Perhaps the core speech occurs when older brother Simon and Ralf are talking about their different childhood experiences of the boost, echoing some of the same thoughts that Rudy Rucker has blogged about, concerning simulations versus nature.

Simon goes on to describe the generation gap that he still feels with his little brother. He and his friends grew up with their experiences grounded in the wild brain… “Then they come along and give us virtual apps that were just the crudest version of reality… When we were disappointed, they called us Luddites… But your generation was different… You accepted the virtual as real.”
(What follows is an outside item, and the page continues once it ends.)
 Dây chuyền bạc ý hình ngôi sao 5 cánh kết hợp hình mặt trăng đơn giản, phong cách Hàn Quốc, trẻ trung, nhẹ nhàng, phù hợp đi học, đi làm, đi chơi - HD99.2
And there’s the theme in a nutshell. Reality versus simulation, solipsism versus mutuality, dominance by constructs versus unmediated interactions. This is certainly one of the biggest issues of our time, explored here with sophistication and insight.

One final observation on this novel: Stephen Baker comes from outside the genre, but is as proficient, savvy and adept as any prozine-trained acolyte of Campbell. Like Ernest Cline with Ready Player One, Kenneth Calhoun with Black Moon, Jennifer Egan with A Visit from the Goon Squad, Gary Shteyngart with Super Sad True Love Story, and any number of other allied “mainstream” books, he proves that SF is now truly a universal language accessible to anyone anywhere who is willing to learn it.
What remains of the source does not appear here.